Elon Musk's SpaceX filed for an initial public offering with a valuation target of approximately US$1.75 trillion on May 21, following a US$4.28 billion loss for the quarter ended March 31. The company's filing reveals that heavy spending on data-center computing masks profitability in its core Starlink satellite internet division, with investors betting that Starlink revenue can fund the Starship rocket program and support a broader push into artificial intelligence. Traditional valuation measures do not fully explain the price tag, though some analyses suggest the satellite and space businesses alone could support a near US$2 trillion valuation.

Starlink Profitability Supports Broader Losses

Starlink was SpaceX's only profitable division last year, generating US$4.42 billion in revenue. In the first quarter, Starlink accounted for 69% of total company sales, while its subscriber base more than doubled year-over-year to 10.3 million users.

The quarterly loss was primarily driven by planned spending on future data-center capacity. SpaceX's data-center computing unit recorded a loss of US$6.35 billion for the full prior year, with first-quarter capital spending on data-center computing reaching US$7.7 billion.

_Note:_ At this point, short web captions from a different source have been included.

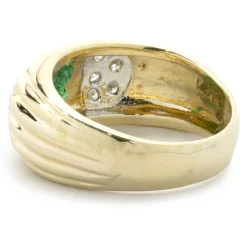 18 Karat Yellow Gold Emerald and Diamond Ribbed Ring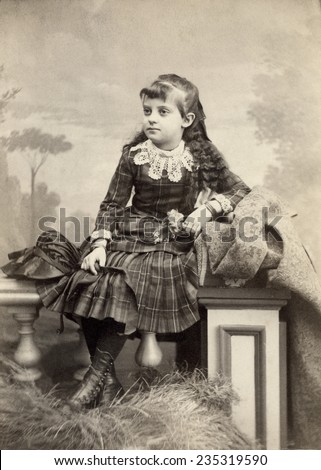 USA WISCONSIN CIRCA 1890 Vintage Cabinet Card of beautiful young girl in dress with lace collar. She is sitting with long curly hair. Her hair is long with bangs. Photo from Victorian era. CIRCA 1890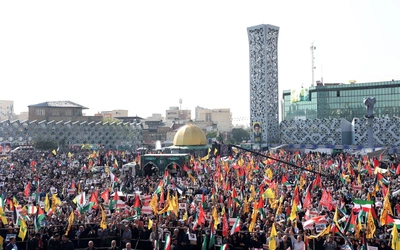 Tłumy gromadzące się by zobaczyć trumnę generała brygady Korpusu Strażników Rewolucji Islamskiej (IRGC) Abbasa Nilforoushana, który zginął w Libanie.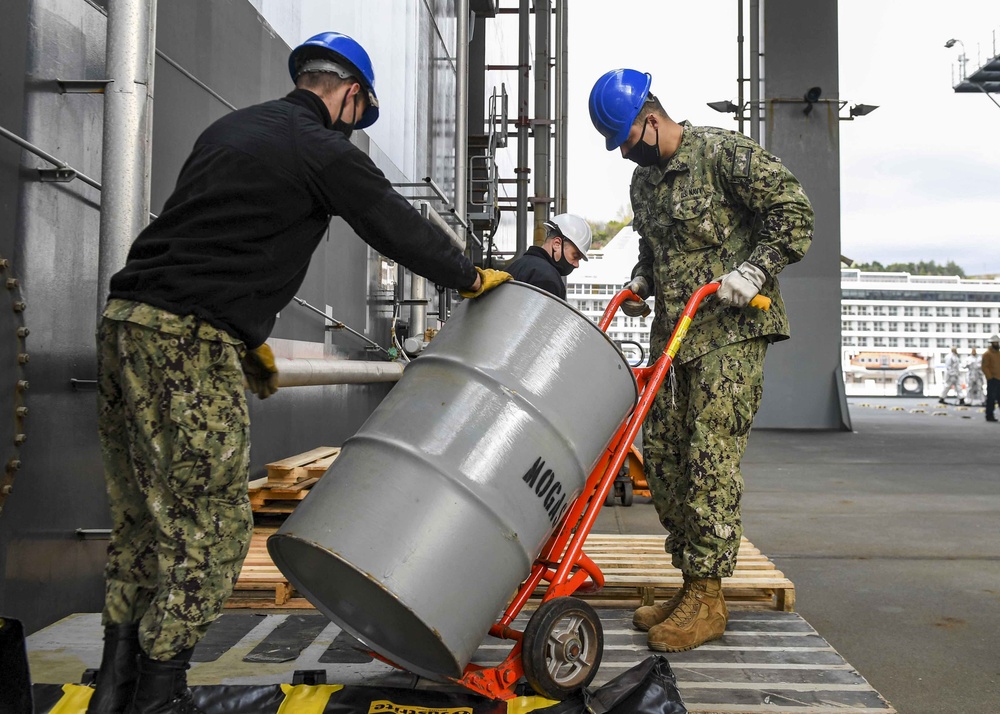 USS Hershel &quot;Woody&quot; Williams visits Croatia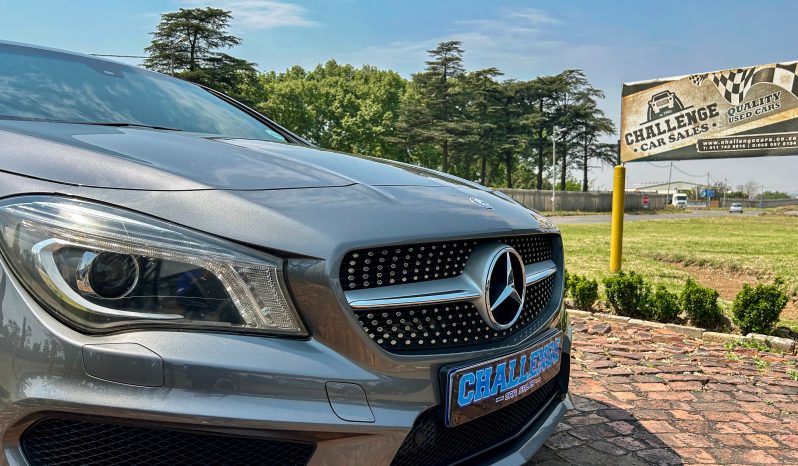 
								Mercedes-Benz CLA 200 AMG full									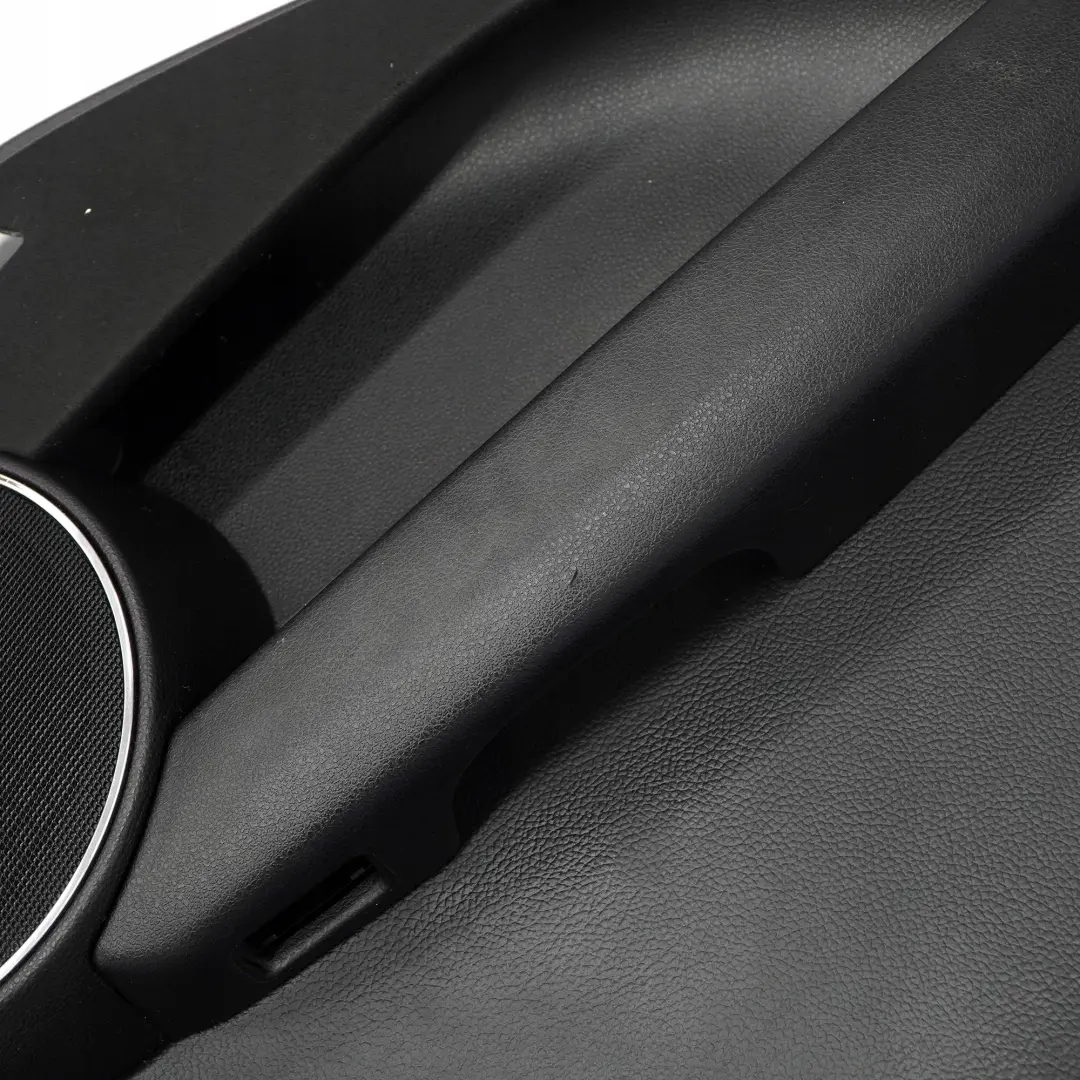 Boczek Tapicerka Panel Drzwi Lewy Tył do Mercedes W204 o numerze A2047301762 Mercedes W204 Boczek Tapicerka Panel Drzwi Lewy Tył - SKU A2047301762 - Numer Części A2047301762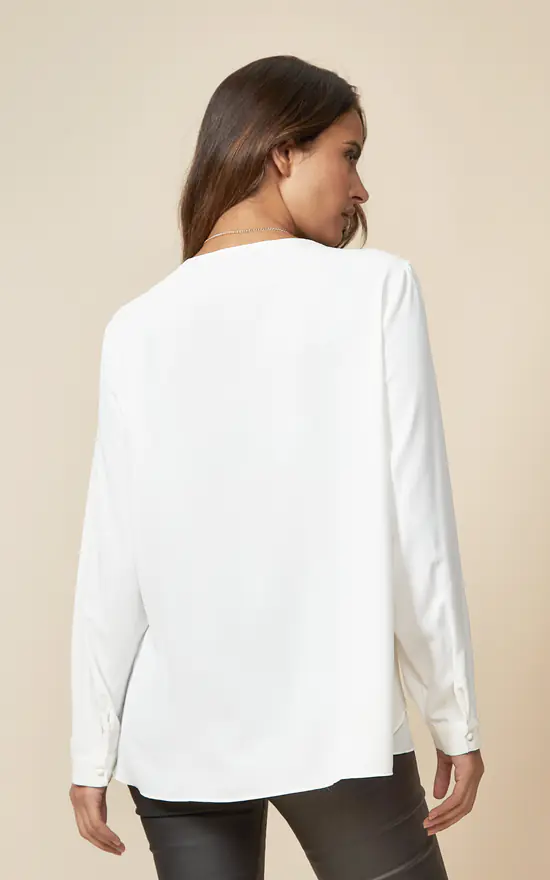 Outlet ๐ HOXTON GAL Long Sleeves Relaxed Fit Layered Top With Necklace In White โญ - Image 3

Orbital Data Centers: Planned but Unproven

SpaceX's IPO prospectus discloses plans to build and launch orbital data centers, with space-based facilities potentially beginning deployment as early as 2028. However, the filing acknowledges significant uncertainties: orbital data centers remain unproven and may never work as a business model.

Cost represents a major barrier. Current analysis estimates the cost of an orbital facility at approximately three times that of a terrestrial equivalent. Additionally, orbital data center feasibility faces constraints from limited launch capacity and high launch costs, which could delay or prevent viable deployment.

The offering represents a test of investor appetite for a potential shift in cloud infrastructure—the computing systems that store and process data for online services.